Strage di Cursi: le vittime chiedono 1 milione di euro di risarcimento

CURSI-Sarà processato con il rito abbreviato Roberto Pappadà, il pluriomicida reo confesso dell’assassinio di tre vicini di casa e del ferimento di una quarta persona avvenuto la sera del 28 settembre scorso, per strada, a Cursi.
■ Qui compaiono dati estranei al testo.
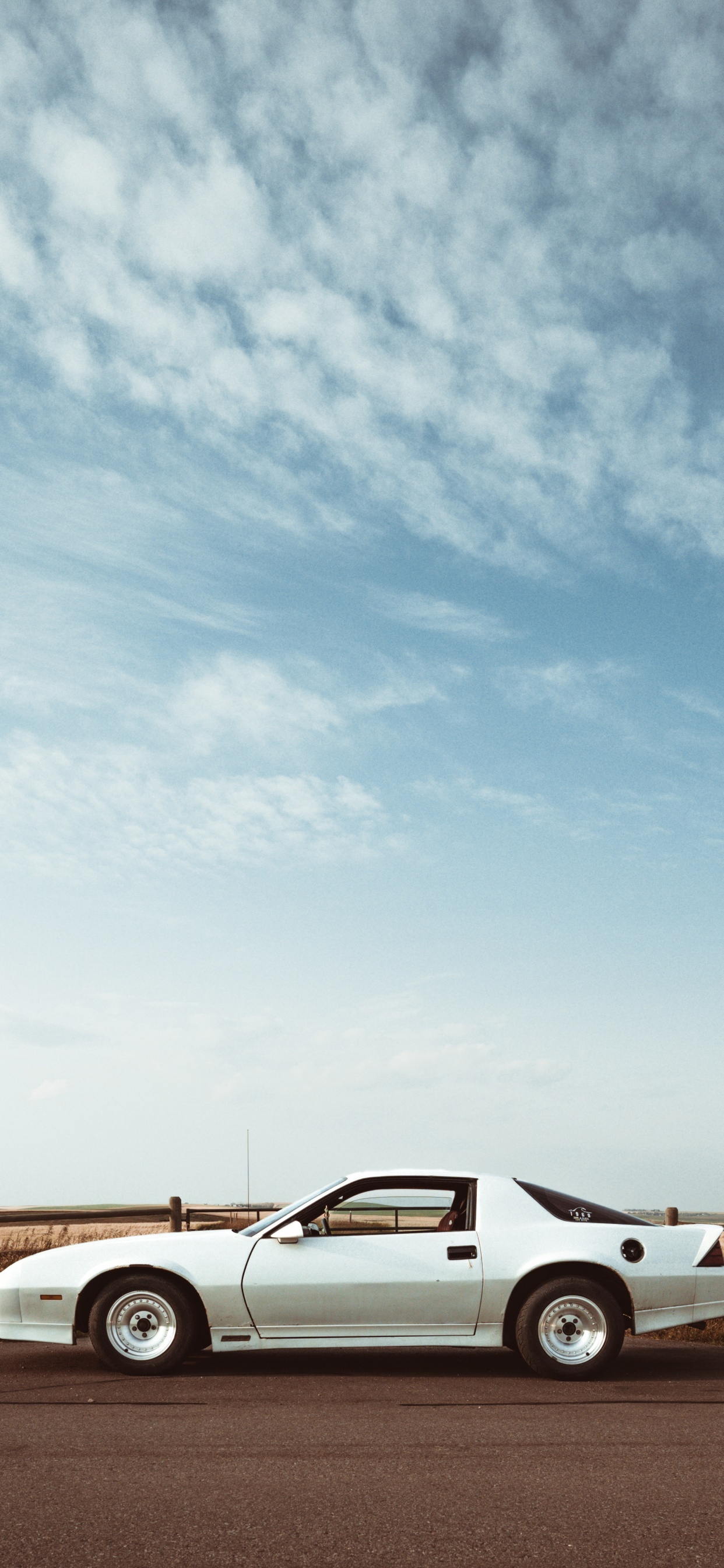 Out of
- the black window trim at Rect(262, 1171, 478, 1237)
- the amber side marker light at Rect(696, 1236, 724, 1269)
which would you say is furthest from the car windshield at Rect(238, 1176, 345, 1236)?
the amber side marker light at Rect(696, 1236, 724, 1269)

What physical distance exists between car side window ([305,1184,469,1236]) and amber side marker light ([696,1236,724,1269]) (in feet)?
5.06

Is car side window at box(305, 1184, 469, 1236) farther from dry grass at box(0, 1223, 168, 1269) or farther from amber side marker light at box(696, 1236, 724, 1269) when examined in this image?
dry grass at box(0, 1223, 168, 1269)

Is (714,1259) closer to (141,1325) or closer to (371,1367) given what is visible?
(371,1367)

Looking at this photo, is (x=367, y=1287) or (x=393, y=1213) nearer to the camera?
(x=367, y=1287)

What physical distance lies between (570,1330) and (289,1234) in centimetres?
183

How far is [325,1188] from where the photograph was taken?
8.15 meters

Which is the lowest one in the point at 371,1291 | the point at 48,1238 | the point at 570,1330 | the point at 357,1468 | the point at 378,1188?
the point at 357,1468

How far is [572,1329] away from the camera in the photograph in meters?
7.65

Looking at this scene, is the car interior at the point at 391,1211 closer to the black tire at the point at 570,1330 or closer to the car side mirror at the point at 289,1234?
the car side mirror at the point at 289,1234

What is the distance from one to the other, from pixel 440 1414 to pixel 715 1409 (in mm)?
1589

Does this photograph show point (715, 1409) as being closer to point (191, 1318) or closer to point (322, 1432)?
point (322, 1432)

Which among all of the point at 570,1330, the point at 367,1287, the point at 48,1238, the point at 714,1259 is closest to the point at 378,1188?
the point at 367,1287

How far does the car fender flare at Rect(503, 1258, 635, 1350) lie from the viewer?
7.67m

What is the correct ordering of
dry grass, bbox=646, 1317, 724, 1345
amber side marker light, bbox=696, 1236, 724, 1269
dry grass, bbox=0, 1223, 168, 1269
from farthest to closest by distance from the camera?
dry grass, bbox=0, 1223, 168, 1269, dry grass, bbox=646, 1317, 724, 1345, amber side marker light, bbox=696, 1236, 724, 1269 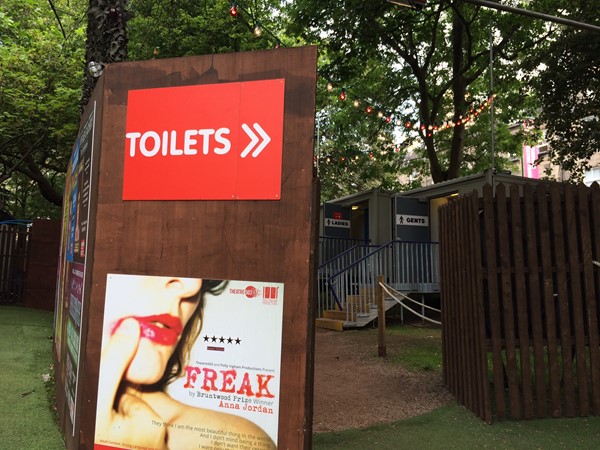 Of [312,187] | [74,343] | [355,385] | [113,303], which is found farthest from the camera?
[355,385]

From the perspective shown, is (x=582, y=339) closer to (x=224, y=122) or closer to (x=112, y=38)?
(x=224, y=122)

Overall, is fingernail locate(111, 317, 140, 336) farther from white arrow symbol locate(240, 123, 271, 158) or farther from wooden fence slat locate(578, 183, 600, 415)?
wooden fence slat locate(578, 183, 600, 415)

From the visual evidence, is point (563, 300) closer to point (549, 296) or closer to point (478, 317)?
point (549, 296)

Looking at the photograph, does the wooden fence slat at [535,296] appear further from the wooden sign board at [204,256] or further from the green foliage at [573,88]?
the green foliage at [573,88]

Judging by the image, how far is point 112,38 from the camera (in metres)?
5.71

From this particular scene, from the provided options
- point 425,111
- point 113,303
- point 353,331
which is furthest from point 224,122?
point 425,111

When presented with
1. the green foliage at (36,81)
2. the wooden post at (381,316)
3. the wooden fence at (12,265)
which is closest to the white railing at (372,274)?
the wooden post at (381,316)

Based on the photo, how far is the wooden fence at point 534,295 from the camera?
4711mm

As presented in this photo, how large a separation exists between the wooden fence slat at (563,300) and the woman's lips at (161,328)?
3.81m

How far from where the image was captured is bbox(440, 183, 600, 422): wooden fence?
4.71m

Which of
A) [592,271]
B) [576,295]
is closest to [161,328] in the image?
[576,295]

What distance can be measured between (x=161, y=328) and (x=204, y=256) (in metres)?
0.51

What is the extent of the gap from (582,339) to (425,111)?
12.9 meters

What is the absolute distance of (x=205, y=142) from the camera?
9.85 feet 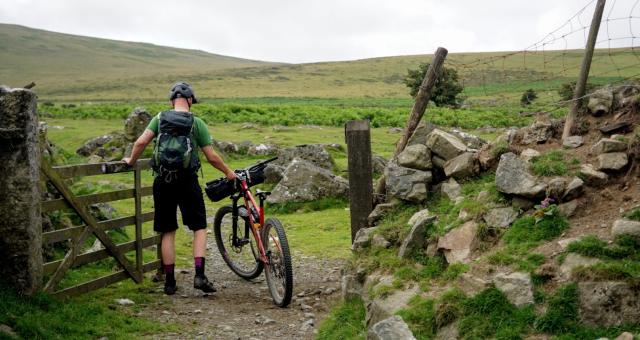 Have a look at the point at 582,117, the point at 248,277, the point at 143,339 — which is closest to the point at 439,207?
the point at 582,117

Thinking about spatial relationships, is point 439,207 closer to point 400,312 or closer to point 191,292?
point 400,312

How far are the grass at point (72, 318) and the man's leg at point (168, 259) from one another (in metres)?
0.60

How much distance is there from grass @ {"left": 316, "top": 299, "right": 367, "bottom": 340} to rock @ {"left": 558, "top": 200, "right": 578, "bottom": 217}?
2.47 metres

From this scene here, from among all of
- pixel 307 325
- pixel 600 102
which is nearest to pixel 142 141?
pixel 307 325

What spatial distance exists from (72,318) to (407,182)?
4.79m

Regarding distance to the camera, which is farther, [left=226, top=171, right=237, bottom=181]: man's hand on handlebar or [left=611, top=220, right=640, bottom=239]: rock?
[left=226, top=171, right=237, bottom=181]: man's hand on handlebar

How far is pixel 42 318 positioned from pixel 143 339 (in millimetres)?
1111

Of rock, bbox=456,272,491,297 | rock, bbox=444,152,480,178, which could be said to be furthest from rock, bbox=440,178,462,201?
rock, bbox=456,272,491,297

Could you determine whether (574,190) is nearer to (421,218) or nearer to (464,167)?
(421,218)

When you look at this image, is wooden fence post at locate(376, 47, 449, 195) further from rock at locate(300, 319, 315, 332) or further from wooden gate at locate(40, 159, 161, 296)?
wooden gate at locate(40, 159, 161, 296)

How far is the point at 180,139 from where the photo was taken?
7.95 m

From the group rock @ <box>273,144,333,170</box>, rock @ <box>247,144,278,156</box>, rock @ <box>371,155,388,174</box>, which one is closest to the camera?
rock @ <box>371,155,388,174</box>

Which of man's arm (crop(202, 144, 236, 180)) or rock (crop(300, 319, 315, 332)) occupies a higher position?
man's arm (crop(202, 144, 236, 180))

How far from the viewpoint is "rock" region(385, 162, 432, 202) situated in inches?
338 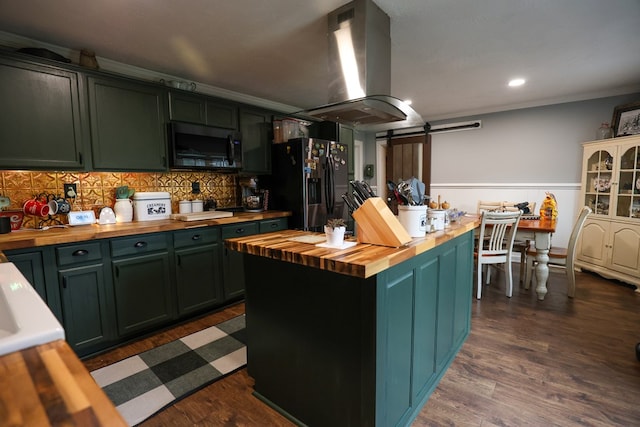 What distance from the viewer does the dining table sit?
3043mm

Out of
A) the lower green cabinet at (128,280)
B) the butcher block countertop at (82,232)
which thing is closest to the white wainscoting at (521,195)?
the lower green cabinet at (128,280)

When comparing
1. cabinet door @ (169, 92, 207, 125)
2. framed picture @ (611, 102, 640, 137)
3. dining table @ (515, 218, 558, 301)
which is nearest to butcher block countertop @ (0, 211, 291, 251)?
cabinet door @ (169, 92, 207, 125)

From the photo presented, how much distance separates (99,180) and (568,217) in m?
5.76

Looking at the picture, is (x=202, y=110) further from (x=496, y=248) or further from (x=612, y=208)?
(x=612, y=208)

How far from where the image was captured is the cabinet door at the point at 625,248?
133 inches

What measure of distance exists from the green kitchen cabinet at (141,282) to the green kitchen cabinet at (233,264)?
536 millimetres

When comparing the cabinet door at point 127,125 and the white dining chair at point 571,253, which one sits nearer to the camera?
the cabinet door at point 127,125

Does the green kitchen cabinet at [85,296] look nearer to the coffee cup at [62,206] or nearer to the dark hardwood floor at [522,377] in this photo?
the dark hardwood floor at [522,377]

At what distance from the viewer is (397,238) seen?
1.42 meters

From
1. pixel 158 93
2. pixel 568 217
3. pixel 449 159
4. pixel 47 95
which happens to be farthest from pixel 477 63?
pixel 47 95

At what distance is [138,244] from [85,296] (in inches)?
18.9

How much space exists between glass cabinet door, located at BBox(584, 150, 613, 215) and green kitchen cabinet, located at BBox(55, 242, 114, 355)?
5.45 m

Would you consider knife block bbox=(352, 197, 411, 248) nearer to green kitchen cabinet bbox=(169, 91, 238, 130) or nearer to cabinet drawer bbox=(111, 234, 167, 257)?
cabinet drawer bbox=(111, 234, 167, 257)

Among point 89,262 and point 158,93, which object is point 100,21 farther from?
point 89,262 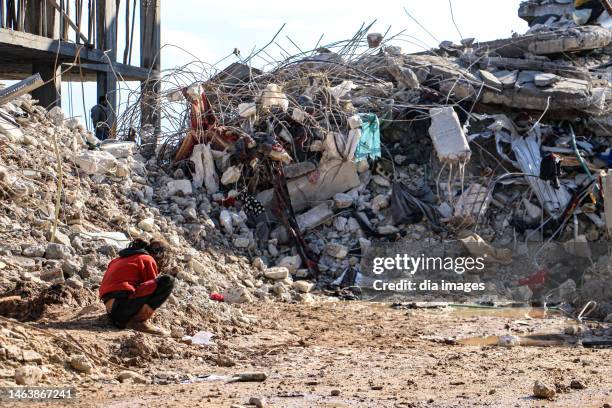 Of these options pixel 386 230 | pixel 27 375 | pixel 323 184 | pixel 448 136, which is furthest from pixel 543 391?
pixel 448 136

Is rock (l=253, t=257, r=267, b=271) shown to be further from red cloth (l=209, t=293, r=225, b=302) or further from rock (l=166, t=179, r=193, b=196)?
red cloth (l=209, t=293, r=225, b=302)

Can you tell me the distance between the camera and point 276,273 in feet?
38.2

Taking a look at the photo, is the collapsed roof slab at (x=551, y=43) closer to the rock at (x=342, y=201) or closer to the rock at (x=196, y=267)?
the rock at (x=342, y=201)

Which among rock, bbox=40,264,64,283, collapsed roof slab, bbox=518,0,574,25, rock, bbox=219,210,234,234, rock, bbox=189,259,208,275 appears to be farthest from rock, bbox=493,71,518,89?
rock, bbox=40,264,64,283

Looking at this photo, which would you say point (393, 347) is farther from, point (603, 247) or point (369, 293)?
point (603, 247)

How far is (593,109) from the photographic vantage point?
46.0 feet

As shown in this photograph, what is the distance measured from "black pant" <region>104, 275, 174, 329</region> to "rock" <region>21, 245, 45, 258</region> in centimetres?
154

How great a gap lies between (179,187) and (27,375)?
6833 millimetres

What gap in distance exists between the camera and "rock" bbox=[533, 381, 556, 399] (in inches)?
224

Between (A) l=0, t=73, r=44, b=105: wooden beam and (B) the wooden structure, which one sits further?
(B) the wooden structure

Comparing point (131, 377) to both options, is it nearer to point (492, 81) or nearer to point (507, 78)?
point (492, 81)

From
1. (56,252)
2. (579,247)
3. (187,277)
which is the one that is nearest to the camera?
(56,252)

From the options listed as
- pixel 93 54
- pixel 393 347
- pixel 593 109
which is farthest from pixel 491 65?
pixel 393 347

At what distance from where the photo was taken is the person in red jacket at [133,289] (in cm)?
749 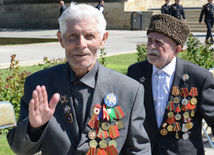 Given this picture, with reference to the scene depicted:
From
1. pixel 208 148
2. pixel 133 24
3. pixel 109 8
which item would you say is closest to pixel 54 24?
pixel 109 8

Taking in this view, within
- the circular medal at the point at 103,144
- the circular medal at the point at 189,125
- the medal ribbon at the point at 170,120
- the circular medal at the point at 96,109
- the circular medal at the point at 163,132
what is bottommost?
the circular medal at the point at 163,132

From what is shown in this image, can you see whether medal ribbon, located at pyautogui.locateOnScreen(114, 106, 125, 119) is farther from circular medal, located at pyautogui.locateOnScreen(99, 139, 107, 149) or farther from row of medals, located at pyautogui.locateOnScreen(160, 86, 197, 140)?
row of medals, located at pyautogui.locateOnScreen(160, 86, 197, 140)

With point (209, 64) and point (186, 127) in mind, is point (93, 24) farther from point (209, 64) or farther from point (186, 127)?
point (209, 64)

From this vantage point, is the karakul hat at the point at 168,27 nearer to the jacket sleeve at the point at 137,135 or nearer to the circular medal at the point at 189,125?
the circular medal at the point at 189,125

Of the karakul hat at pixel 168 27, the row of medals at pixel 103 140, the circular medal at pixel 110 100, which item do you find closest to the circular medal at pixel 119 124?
the row of medals at pixel 103 140

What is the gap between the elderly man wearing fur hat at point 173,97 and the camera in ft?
10.1

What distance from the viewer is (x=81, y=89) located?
7.22 feet

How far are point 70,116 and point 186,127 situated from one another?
4.47 ft

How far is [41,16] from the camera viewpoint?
108ft

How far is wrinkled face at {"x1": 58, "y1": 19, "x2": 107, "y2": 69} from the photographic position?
2.10 m

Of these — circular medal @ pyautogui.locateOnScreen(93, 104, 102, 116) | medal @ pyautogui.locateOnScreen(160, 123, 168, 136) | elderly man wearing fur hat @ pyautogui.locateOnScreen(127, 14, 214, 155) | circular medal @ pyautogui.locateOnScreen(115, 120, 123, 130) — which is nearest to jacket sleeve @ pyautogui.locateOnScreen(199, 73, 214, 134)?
elderly man wearing fur hat @ pyautogui.locateOnScreen(127, 14, 214, 155)

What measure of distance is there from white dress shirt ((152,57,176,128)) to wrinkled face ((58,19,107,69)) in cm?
115

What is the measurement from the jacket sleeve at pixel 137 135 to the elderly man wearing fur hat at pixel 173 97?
2.87ft

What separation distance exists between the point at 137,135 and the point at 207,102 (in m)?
1.16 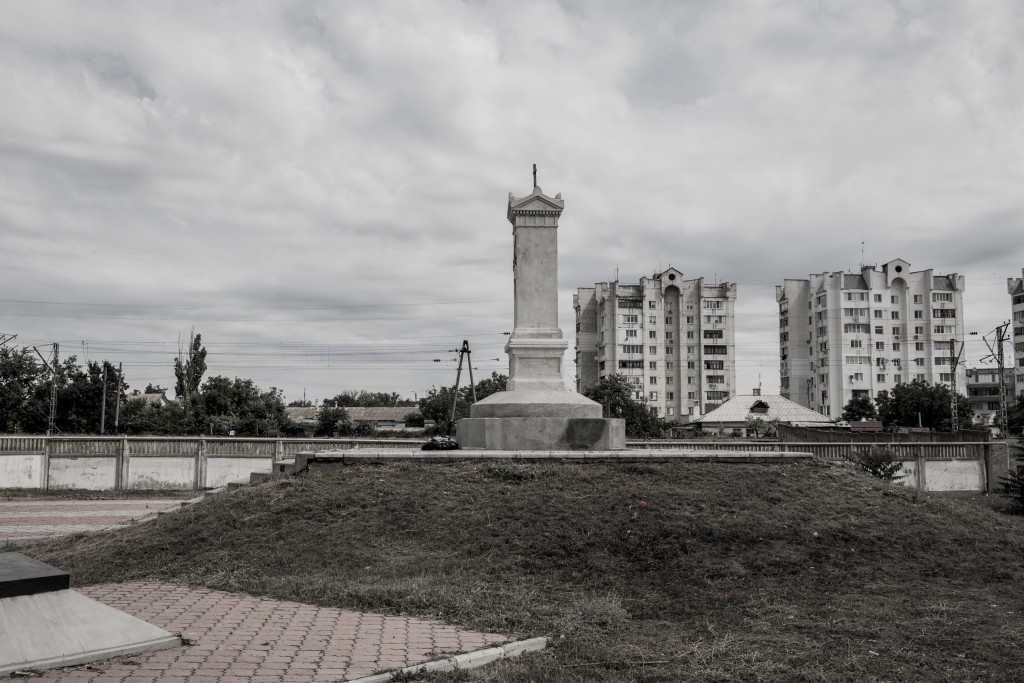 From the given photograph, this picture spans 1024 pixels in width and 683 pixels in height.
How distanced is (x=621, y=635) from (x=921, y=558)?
17.0ft

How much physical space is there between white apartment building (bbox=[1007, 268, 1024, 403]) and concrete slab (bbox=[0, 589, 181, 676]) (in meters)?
104

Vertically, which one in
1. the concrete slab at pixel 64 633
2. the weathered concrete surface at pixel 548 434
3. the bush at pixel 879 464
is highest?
the weathered concrete surface at pixel 548 434

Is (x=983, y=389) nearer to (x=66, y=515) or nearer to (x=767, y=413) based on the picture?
(x=767, y=413)

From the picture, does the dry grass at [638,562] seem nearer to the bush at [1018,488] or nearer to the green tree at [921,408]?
the bush at [1018,488]

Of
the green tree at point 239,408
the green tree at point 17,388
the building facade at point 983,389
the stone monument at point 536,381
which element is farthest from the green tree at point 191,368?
the building facade at point 983,389

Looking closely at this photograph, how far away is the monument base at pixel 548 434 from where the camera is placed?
52.4 ft

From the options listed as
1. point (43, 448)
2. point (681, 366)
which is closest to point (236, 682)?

Una richiesta avanzata dal suo avvocato difensore Nicola Leo e accolta dal gup Simona Panzera nel corso della prima udienza nel processo che vede come imputato l’autore di una vera e propria strage, in via Tevere. Ad armarlo una sete di vendetta nei confronti dei suoi vicini di casa: vecchi dissidi, molti dei quali legati ai parcheggi. Il rito abbreviato non consentirà all’imputato di evitare l’ergastolo, ma potrebbe risparmiargli l’isolamento e garantire comunque celerità nei tempi. L’assassino, che ha rifiutato di sottoporsi a una perizia psichiatrica che potesse valutare la sua capacità di intendere e di volere, è detenuto nel carcere di Taranto. Non sarà presente alle prossime udienze. La sera del 28 settembre, era stato arrestato in flagranza dai carabinieri dopo aver ucciso, davanti casa, i suoi vicini Francesco e Andrea Marti, Maria Assunta Quarta e ferito Fernanda Quarta con 357 Magnum.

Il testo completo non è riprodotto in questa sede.